▶ **Brief**
Return the data below exactly, stopping after the line with "3485 S Fleetwood".

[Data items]
--- START ---

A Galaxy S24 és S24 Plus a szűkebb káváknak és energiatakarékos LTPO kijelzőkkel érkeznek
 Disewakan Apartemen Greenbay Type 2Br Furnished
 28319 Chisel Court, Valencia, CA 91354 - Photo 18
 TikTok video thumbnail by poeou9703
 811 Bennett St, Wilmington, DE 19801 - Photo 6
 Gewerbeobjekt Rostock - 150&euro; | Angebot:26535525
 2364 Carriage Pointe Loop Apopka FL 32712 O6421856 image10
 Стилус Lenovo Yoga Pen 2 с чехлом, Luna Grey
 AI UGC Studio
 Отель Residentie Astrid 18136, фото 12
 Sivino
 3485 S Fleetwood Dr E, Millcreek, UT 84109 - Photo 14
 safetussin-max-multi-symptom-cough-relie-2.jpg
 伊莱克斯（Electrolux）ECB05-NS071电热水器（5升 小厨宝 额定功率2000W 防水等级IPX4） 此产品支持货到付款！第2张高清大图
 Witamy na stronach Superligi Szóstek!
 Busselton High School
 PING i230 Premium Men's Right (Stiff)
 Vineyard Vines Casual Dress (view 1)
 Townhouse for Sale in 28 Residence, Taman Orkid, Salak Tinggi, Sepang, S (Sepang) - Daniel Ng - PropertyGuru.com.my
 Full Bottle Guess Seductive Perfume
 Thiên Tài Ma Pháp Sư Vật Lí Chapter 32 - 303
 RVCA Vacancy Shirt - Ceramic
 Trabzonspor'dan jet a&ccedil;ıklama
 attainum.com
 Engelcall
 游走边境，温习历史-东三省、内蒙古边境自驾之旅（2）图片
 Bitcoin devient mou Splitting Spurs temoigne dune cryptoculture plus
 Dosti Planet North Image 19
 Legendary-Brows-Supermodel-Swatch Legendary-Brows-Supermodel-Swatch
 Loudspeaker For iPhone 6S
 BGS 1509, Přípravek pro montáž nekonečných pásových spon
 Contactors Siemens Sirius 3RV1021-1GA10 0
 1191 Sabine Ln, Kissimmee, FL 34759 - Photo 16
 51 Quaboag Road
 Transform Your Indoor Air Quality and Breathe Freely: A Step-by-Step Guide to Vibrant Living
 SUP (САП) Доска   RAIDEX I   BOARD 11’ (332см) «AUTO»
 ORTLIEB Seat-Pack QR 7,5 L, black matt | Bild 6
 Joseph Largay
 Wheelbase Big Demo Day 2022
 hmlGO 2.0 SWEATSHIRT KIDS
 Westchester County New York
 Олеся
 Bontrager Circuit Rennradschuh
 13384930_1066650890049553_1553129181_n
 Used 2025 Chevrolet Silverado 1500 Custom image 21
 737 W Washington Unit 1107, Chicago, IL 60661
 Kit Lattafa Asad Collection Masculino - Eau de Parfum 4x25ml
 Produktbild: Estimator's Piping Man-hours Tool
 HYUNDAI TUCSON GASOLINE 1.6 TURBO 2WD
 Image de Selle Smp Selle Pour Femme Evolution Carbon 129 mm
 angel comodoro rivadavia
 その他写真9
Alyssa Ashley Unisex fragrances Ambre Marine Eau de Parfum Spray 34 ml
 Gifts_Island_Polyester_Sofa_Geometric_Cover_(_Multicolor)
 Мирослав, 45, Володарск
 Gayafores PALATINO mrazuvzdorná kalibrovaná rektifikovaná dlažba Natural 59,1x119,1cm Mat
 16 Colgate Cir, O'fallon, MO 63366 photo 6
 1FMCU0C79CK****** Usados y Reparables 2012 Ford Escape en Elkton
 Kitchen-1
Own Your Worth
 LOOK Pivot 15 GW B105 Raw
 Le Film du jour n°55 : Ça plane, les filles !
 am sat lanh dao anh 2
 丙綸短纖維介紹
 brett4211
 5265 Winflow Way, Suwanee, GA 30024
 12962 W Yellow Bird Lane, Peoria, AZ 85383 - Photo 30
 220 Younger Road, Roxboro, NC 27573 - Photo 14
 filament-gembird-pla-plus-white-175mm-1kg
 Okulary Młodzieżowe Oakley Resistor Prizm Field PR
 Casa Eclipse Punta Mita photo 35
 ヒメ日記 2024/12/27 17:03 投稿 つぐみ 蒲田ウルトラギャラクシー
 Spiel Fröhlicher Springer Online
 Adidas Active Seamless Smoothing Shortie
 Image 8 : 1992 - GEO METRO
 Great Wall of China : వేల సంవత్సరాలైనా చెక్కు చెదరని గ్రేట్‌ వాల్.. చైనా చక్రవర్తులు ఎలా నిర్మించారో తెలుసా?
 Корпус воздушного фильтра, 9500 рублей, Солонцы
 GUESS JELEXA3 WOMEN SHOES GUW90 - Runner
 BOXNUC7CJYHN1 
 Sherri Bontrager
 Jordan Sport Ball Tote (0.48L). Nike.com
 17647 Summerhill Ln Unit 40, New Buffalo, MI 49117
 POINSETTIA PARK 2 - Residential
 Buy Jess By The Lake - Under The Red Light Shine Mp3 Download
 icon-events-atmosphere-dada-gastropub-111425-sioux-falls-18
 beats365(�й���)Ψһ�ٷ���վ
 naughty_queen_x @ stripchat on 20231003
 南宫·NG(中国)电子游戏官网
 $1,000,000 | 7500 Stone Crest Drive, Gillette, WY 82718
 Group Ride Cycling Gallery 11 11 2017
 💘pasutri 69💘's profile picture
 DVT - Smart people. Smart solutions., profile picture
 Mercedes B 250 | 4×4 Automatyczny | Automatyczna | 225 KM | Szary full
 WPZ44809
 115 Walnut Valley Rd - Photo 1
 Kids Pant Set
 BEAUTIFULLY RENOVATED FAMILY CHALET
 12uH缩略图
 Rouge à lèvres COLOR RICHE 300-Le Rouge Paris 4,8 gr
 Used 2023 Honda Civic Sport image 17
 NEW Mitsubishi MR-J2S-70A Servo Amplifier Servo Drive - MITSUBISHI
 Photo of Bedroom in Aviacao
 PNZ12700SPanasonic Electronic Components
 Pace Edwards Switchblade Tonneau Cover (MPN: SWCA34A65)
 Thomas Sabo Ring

--- END ---

▶ **Your solution**
A Galaxy S24 és S24 Plus a szűkebb káváknak és energiatakarékos LTPO kijelzőkkel érkeznek
 Disewakan Apartemen Greenbay Type 2Br Furnished
 28319 Chisel Court, Valencia, CA 91354 - Photo 18
 TikTok video thumbnail by poeou9703
 811 Bennett St, Wilmington, DE 19801 - Photo 6
 Gewerbeobjekt Rostock - 150&euro; | Angebot:26535525
 2364 Carriage Pointe Loop Apopka FL 32712 O6421856 image10
 Стилус Lenovo Yoga Pen 2 с чехлом, Luna Grey
 AI UGC Studio
 Отель Residentie Astrid 18136, фото 12
 Sivino
 3485 S Fleetwood Dr E, Millcreek, UT 84109 - Photo 14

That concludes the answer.